Major changes since the first edition include the following:

  1. Creation of a now mature R package rms that replaces and greatly extends the Design library used in the first edition
  2. Conversion to R  with R used to run all examples in the text
  3. Conversion of the book source into knitr reproducible documents
  4. All code from the text is executable and is on the web site
  5. Use of color graphics and use of the ggplot2 graphics package
  6. New text about problems with dichotomization of continuous variables and with classification (as opposed to prediction)

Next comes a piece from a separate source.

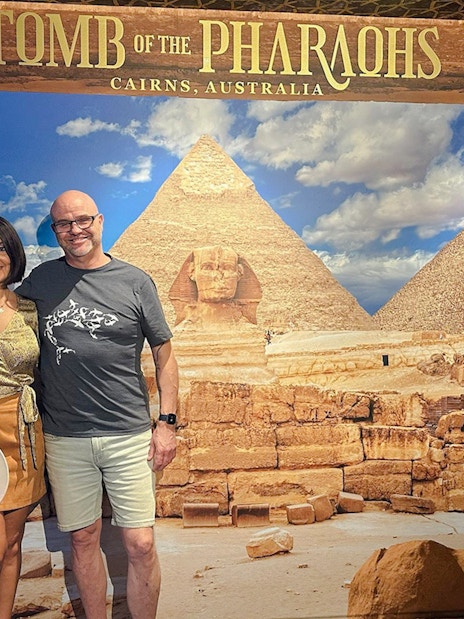 Couple posing in front of Great Pyramids and Sphinx backdrop at Tomb of the Pharaohs exhibit.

  7. Expanded material on multiple imputation and predictive mean matching and emphasis on multiple imputation (using the Hmisc aregImpute function) instead of single imputation
  8. Addition of redundancy analysis
  9. A brief survey or new directions in predictive modeling
  10. Added a new section in Chapter 5 on bootstrap confidence intervals for rankings of predictors
  11. Replacement of the U.S. presidential election data with analyses of a new diabetes dataset from NHANES using ordinal and quantile regression
  12. More emphasis on semiparametric ordinal regression models for continuous Y, as direct competitors of ordinary multiple regression, with a detailed case study
  13. A new chapter on generalized least squares for analysis of serial response data
  14. The case study in imputation and data reduction was completely reworked and now focuses only on data reduction, with the addition of sparse principal components
  15. More information about indexes of predictive accuracy
  16. Augmentation of the chapter on maximum likelihood to include more flexible ways of testing contrasts as well as new methods for obtaining simultaneous confidence intervals
  17. Binary logistic regression case study 1 was completely re-worked, now providing examples of model selection and model approximation accuracy
  18. Single imputation was dropped from binary logistic case study 2
  19. The case study in transform-both-sides regression modeling has been reworked using simulated data where true transformations are known, and a new example of the smearing estimator was added
  20. Addition of 225 references, most of them published 2001-2014
  21. New guidance on minimum sample sizes needed by some of the models
  22. De-emphasis of bootstrap bumping for obtaining simultaneous confidence regions, in favor of a general multiplicity approach.
HEVEA.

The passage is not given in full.